Data excerpt:
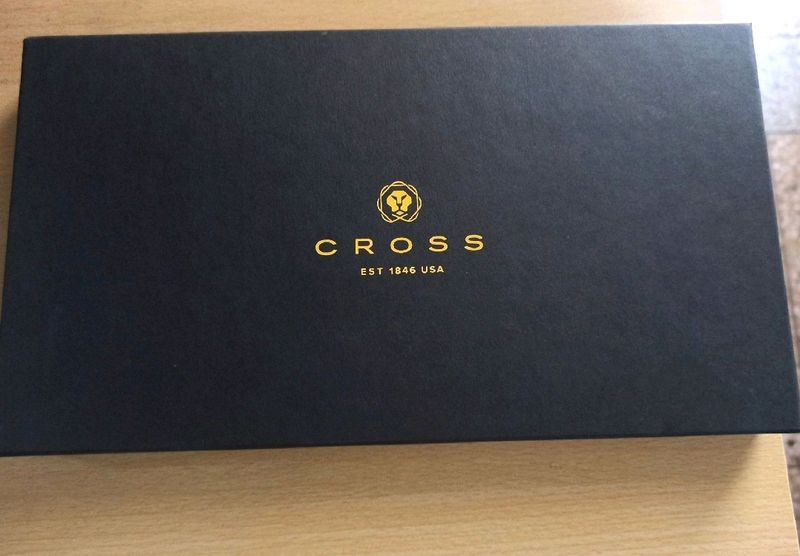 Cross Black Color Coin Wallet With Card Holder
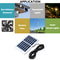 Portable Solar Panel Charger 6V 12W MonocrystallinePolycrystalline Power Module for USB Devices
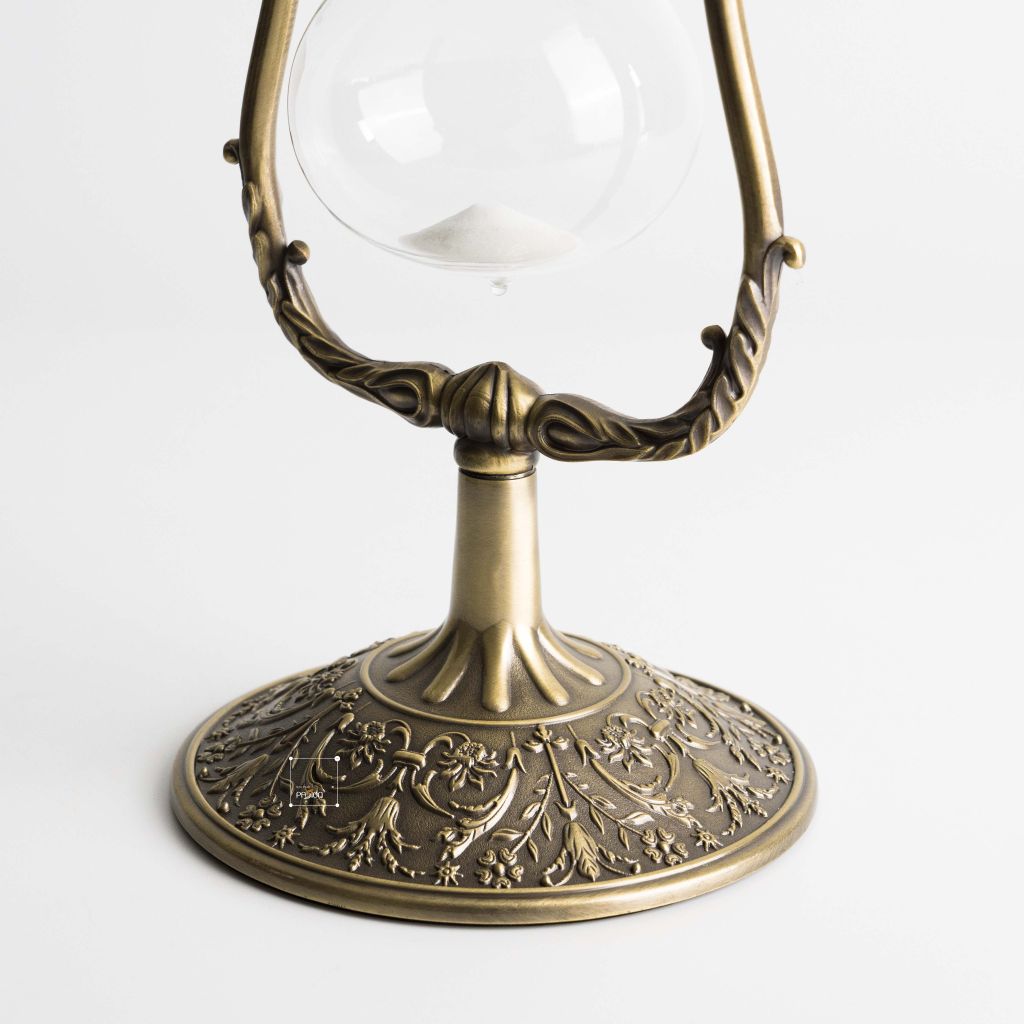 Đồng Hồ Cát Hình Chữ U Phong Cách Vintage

Your task: Repeat the material verbatim. Do not carry over any picture.

Written response:
 Cross Black Color Coin Wallet With Card Holder
 Portable Solar Panel Charger 6V 12W MonocrystallinePolycrystalline Power Module for USB Devices
 Đồng Hồ Cát Hình Chữ U Phong Cách Vintage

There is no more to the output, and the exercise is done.